Seria interessante agora haver um investimento forte no solar, que ainda está muito subdesenvolvido em Portugal, poderia ser uma ajuda principalmente no período de Verão, em que a produção eólica e principalmente a hídrica são menores.


----------



## DaniFR (6 Jan 2021 às 22:39)

*Frio leva consumo de eletricidade para novos máximos de 10 anos em Portugal*
*
Na sequência de um conjunto de dias particularmente frios, os consumos de gás natural e eletricidade em Portugal atingiram máximos tanto a nível de pico como de consumo diário, diz a REN*

De acordo com dados da REN – Redes Energéticas Nacionais, um novo pico máximo de consumo de eletricidade foi atingido esta terça-feira, 5 de janeiro, às 20h, com 9546 MW, superando o anterior máximo de 9403 MW, que datava de 11 de janeiro de 2010.

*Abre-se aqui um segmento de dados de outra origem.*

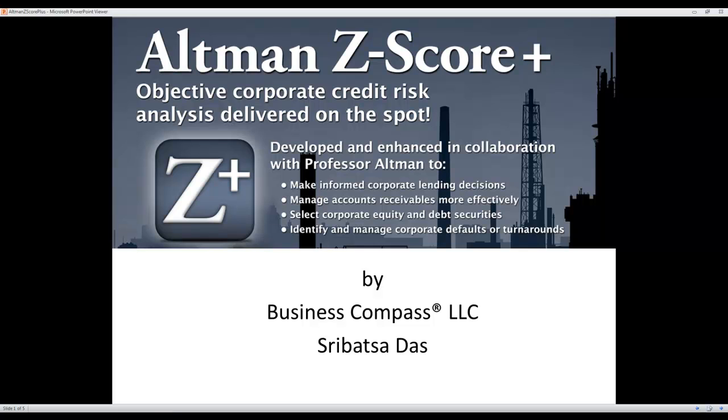Hello and welcome to Altman Z-Score Plus Corporate Credit Risk Analysis Product. My name is Sribat Sadas. I am the co-creator of Altman Z-Score Plus. This application delivers insights beyond the traditional Z-Score.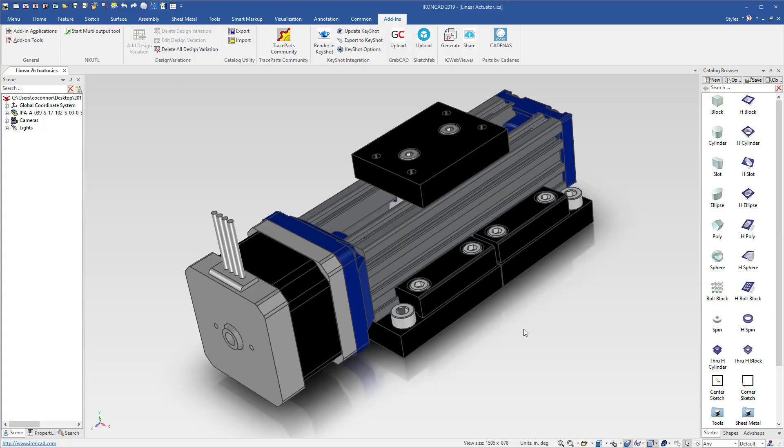Now in IronCAD 2019, you can share your 3D designs with anyone on the internet who has an HTML5 capable browser. Simply load your model in IronCAD, click on our share command.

No gás natural, os anteriores máximos de ponta e consumo diário foram ultrapassados em cerca de 10%.

O anterior pico máximo de 13.539 MW, atingido a 7 de janeiro de 2020 foi superado pelos 14.862 MW registados às 20h também desta terça-feira, 5 de janeiro.

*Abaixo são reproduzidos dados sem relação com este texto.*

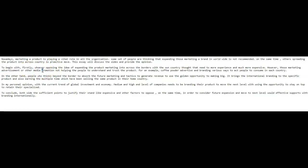To begin with, firstly, whoever opposing the idea of expanding the product marketing into across the borders with the own country thought that need to more experience and much more expensive. Alright, this is 100% incoherent. I don't know what you're trying to say here.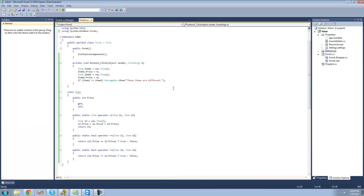So that's pretty much it for this tutorial on overloading the equal-equals operator and the not-equals operator. See you guys.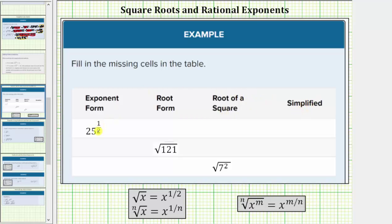The main thing to remember here is that x raised to the one-half power equals the square root of x. In general, when we have a fractional exponent — a rational exponent — the denominator of the exponent gives us the index, and the numerator gives us the exponent on the radicand.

O consumo diário atingiu 298,9 GWh, superando o anterior máximo de 5 de dezembro de 2017, com 269,9 GWh.

https://eco.sapo.pt/2021/01/06/frio...de-para-novos-maximos-de-10-anos-em-portugal/


----------



## AnDré (7 Jan 2021 às 15:04)

Ontem o recorde de 3ªfeira (9546MW), foi batido novamente. Desta vez *9813MW!* E* 183GWh *no dia de ontem!
Felizmente que a partir das 19h a eólica deu uma ajuda na produção.

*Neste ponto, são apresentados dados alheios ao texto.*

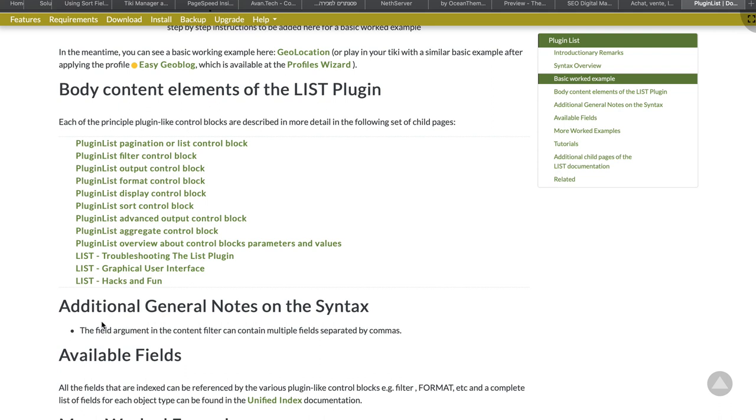The output block defines what template to use to display the result. You can set it to use a built-in template, like table, carousel, media, etc. Your own wiki template from a wiki page. Your own smarty template from a wiki page or from a file on your server. Or an inline template. It also has some parameters like inline editing and report.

De referir que a Central Termoelétrica do Pego, a Carvão, teve uma utilização na produção de 100%.
*
*


----------



## algarvio1980 (9 Jan 2021 às 16:26)

*Frio e teletrabalho estão a provocar falhas no fornecimento de eletricidade*

https://24.sapo.pt/atualidade/artig...-e-teletrabalho-causam-falhas-no-fornecimento

A salvação nos últimos dias, tem sido a central do pego que tem trabalhado a 100%, depois tem existido vento que ajuda e muito e depois temos água que também ajuda, se fosse um ano como 2005 com seca e queria ver aonde iam buscar a energia e depois temos uma rede de distribuição está tão funcional que rebenta todos os dias transformadores a dar com um pau.


----------



## joralentejano (9 Jan 2021 às 16:39)

algarvio1980 disse:


> *Frio e teletrabalho estão a provocar falhas no fornecimento de eletricidade*
> 
> https://24.sapo.pt/atualidade/artig...-e-teletrabalho-causam-falhas-no-fornecimento
> 
> A salvação nos últimos dias, tem sido a central do pego que tem trabalhado a 100%, depois tem existido vento que ajuda e muito e depois temos água que também ajuda, se fosse um ano como 2005 com seca e queria ver aonde iam buscar a energia e depois temos uma rede de distribuição está tão funcional que rebenta todos os dias transformadores a dar com um pau.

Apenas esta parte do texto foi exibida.